§ **Data listing**:

⁂

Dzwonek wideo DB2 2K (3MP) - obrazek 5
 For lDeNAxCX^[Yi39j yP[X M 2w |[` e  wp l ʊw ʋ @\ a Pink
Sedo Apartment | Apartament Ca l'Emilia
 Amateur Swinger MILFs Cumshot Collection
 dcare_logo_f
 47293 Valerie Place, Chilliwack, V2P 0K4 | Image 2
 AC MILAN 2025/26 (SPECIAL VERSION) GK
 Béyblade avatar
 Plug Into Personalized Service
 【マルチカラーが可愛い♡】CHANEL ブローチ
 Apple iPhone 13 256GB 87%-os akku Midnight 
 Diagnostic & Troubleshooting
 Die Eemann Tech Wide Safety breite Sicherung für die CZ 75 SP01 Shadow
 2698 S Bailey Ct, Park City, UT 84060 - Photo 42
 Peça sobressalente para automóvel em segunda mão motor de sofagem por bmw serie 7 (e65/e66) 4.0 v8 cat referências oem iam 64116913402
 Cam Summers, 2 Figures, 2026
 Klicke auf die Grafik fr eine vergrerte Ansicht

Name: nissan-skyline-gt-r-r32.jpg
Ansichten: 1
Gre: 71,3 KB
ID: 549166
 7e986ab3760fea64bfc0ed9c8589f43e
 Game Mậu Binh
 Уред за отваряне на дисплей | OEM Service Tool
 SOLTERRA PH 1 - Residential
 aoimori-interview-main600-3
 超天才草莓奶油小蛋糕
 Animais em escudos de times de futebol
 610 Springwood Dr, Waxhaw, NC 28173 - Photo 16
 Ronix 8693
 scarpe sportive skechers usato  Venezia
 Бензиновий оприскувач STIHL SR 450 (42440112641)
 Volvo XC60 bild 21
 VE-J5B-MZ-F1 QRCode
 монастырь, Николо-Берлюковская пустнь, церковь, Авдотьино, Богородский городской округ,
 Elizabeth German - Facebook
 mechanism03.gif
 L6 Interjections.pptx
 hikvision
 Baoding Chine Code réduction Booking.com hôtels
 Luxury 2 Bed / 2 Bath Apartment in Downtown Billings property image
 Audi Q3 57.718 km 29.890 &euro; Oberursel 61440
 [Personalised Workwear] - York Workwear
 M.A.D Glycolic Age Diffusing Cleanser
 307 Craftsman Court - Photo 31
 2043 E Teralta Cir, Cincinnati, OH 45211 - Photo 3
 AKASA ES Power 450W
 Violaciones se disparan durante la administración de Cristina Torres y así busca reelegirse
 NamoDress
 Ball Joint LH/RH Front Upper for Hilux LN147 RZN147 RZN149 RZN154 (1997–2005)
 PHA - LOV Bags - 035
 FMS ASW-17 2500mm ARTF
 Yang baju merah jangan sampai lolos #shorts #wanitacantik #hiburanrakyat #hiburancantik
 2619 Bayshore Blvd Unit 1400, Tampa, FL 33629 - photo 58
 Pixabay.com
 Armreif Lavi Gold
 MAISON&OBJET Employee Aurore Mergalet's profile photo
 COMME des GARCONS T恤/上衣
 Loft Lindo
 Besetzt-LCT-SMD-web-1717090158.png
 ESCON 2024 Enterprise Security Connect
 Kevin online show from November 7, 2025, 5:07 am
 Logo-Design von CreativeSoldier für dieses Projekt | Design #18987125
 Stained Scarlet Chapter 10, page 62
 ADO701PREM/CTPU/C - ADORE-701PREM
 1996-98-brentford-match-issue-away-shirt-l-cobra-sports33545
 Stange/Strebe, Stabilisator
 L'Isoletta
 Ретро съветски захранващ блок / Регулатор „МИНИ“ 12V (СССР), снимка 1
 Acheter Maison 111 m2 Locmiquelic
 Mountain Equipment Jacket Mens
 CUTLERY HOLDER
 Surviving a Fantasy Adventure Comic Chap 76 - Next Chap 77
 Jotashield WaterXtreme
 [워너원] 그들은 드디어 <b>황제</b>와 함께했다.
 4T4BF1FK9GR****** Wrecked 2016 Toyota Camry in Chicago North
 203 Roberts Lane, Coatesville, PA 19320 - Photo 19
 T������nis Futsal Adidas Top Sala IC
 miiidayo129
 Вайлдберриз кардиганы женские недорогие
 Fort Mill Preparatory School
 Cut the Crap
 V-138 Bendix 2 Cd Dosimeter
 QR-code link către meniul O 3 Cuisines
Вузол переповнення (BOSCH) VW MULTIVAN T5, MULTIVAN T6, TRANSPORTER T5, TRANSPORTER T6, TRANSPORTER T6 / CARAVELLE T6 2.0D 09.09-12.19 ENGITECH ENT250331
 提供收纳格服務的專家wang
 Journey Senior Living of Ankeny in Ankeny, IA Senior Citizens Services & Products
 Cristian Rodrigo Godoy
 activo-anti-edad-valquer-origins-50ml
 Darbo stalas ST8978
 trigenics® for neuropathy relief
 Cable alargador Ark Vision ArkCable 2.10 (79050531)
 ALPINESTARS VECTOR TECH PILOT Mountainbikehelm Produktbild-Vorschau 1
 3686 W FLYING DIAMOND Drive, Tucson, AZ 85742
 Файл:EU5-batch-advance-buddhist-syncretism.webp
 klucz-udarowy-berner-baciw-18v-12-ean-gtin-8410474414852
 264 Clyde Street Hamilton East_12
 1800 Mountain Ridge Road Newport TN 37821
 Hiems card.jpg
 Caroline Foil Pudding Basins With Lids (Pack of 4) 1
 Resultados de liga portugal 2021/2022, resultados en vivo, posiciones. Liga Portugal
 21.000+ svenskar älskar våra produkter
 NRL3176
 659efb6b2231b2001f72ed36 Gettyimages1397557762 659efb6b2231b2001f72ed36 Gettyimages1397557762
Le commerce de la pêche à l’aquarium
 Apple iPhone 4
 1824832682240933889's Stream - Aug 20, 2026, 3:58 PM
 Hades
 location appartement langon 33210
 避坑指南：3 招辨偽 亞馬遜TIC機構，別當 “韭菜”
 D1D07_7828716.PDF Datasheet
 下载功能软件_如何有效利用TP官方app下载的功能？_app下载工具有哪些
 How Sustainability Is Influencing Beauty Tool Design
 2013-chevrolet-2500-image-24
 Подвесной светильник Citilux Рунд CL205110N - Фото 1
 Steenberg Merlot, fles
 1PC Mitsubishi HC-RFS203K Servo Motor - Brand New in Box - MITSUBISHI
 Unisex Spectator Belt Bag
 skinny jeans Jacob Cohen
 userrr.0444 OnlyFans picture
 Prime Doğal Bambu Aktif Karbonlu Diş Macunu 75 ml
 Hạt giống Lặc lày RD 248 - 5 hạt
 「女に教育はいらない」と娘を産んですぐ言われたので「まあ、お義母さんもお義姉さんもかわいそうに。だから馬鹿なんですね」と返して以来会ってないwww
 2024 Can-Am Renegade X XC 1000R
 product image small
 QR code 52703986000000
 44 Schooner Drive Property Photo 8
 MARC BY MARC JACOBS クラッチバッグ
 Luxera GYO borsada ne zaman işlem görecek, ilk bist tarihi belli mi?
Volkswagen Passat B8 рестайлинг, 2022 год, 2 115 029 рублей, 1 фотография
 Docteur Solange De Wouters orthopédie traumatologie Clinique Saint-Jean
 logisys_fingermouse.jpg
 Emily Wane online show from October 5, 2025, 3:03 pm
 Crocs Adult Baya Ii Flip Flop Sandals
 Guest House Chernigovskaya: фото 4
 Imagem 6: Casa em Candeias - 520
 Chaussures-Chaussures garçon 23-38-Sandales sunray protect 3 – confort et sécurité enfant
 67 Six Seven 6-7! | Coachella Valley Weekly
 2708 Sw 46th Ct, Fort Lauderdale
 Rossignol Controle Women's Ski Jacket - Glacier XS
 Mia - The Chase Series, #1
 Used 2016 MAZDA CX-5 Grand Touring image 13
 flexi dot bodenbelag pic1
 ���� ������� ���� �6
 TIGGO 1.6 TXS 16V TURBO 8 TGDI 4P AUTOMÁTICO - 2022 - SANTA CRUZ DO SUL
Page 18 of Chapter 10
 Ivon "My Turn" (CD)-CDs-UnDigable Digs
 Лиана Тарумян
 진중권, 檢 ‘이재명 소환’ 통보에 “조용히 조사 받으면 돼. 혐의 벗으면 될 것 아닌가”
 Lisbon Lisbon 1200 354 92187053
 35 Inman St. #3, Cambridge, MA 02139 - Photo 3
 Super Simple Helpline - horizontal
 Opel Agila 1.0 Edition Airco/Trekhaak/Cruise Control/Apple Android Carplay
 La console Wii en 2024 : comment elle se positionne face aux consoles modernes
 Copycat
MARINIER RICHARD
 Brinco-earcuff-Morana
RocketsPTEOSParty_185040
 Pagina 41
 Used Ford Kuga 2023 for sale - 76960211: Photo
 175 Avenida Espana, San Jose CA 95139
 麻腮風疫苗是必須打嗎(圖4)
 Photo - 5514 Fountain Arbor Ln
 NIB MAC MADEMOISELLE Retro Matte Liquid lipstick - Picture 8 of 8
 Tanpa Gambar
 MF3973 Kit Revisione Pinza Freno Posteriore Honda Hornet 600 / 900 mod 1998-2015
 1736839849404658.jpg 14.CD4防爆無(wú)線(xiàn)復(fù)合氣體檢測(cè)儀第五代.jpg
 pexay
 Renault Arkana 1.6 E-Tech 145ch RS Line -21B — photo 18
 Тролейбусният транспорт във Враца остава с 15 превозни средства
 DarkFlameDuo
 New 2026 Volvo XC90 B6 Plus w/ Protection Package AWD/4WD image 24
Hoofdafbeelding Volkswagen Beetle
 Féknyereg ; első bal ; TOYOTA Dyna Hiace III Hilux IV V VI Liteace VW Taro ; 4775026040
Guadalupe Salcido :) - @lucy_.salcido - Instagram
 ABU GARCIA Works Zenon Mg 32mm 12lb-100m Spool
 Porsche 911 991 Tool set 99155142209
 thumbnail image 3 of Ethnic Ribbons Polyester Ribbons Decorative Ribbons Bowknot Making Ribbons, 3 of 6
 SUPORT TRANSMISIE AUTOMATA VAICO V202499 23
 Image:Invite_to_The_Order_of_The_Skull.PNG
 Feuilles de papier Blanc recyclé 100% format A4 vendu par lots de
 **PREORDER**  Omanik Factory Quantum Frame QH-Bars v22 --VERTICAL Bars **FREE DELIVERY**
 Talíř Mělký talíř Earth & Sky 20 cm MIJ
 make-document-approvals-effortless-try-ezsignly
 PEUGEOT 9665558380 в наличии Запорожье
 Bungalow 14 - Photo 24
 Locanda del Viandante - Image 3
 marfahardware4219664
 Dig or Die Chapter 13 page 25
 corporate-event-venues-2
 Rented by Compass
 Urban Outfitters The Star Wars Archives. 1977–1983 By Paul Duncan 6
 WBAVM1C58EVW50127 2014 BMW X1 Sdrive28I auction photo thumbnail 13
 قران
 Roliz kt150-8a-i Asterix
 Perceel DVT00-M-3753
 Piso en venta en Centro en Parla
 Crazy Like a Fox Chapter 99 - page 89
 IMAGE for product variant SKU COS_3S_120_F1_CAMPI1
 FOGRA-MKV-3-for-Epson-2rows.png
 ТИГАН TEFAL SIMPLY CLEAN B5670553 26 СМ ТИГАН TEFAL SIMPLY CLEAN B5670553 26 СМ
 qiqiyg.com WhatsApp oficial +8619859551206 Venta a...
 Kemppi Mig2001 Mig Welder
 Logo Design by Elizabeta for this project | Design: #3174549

⁂

§ **Instructions to follow**:
From the records above, transcribe exactly the run of lines that opens with the line holding "Hiems card.jpg" and closes with the line holding "Le commerce de la pêche à l’aquarium", both included.

§ **Answer space**:
 Hiems card.jpg
 Caroline Foil Pudding Basins With Lids (Pack of 4) 1
 Resultados de liga portugal 2021/2022, resultados en vivo, posiciones. Liga Portugal
 21.000+ svenskar älskar våra produkter
 NRL3176
 659efb6b2231b2001f72ed36 Gettyimages1397557762 659efb6b2231b2001f72ed36 Gettyimages1397557762
Le commerce de la pêche à l’aquarium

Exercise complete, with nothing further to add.